10.05.2011 | Arbeitsrecht

"Jesus hat Sie lieb": Religiöser Telefonist verliert seinen Job

Seine religiöse Überzeugung kostete einen Callcenter-Agent den Job. Denn er verabschiedete die Kunden am Telefon mit einem religiösen Abschiedsgruß.

Religiöse Verabschiedung darf untersagt werden

"Vielen Dank für Ihren Einkauf. Jesus hat Sie lieb." Jahrelang hat sich ein 29-jähriger Callcenter-Agent mit diesen Worten von seinen Kunden verabschiedet. Daraufhin erhielt er eine Kündigung, die das Landesarbeitsgericht in Hamm bestätigte.

Der Callcenter-Betreiber QVC hatte den Mann Anfang 2010 vor die Tür gesetzt, weil er mit der Abschiedsformel die internen Dienstanweisungen übertreten habe. "Unser Bestreben ist es, in allen Bereichen Neutralität zu wahren", sagte eine Unternehmenssprecherin am Rande des Prozesses. Eine Revision wurde nicht zugelassen (LAG Hamm, Urteil vom 20.4.2011, 4 Sa 2230/10).

 

Keine negativen Kundenreaktionen

Der 29-Jährige zeigte sich nach der Entscheidung tief enttäuscht. Seit seiner Kindheit lebe er nach dem Gebot, "das Wort des Herrn in die Welt hinaus zu tragen", sagte er. Von seinen Kunden habe er zu keiner Zeit negative Reaktionen erhalten.
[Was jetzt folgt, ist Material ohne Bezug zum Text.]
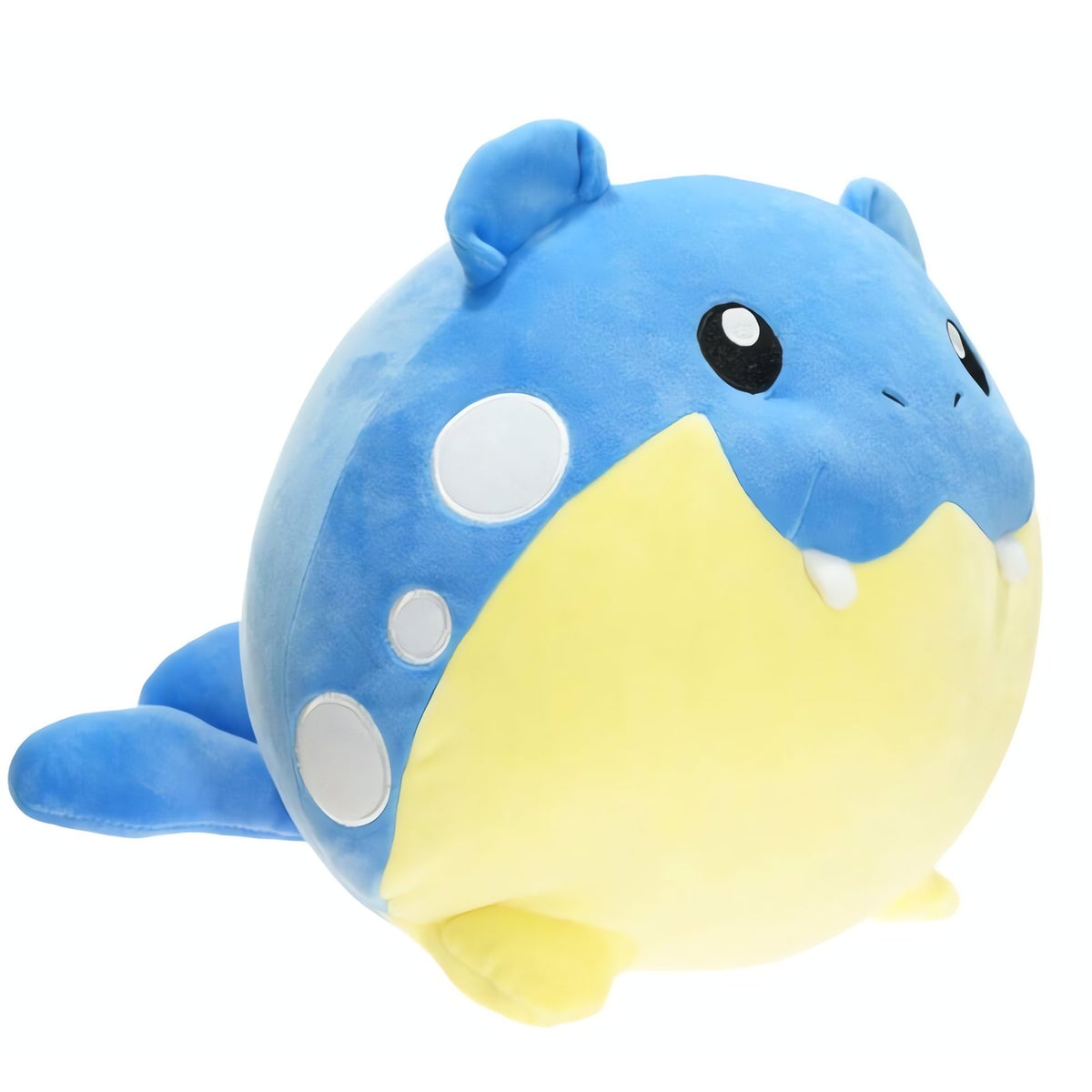 Spheal plush toy, 15cm – photo 6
Auch das Unternehmen bestätigte vor Gericht: "Beschwerden, Stornierungen oder Abbestellungen hat es nicht gegeben." Allein die Gefahr, dass so etwas künftig passieren könnte, reicht nach Ansicht des Versandhandels jedoch aus, die Kündigung zu rechtfertigen.

 

Kein Gewissenskonflikt durch Arbeitsanweisung

Das Landesarbeitsgericht entschied zugunsten des Unternehmens. Das Recht auf freie Religionsausübung wiege nur dann schwerer als eine Arbeitsanweisung, wenn der Angestellte in schwere Gewissenskonflikte käme, würde er der Anweisung Folge leisten. Dies habe der 29-Jährige nicht darlegen können.

Für die Richter war in diesem Zusammenhang von Bedeutung, dass der Callcenteragent dem Arbeitgeber angeboten hatte, im Rahmen einer sogenannten Prozessbeschäftigung für den Versandhandel tätig zu werden – und sich zugleich für diese Beschäftigung verpflichtet hatte, auf die Ergänzung der Grußformel zu verzichten.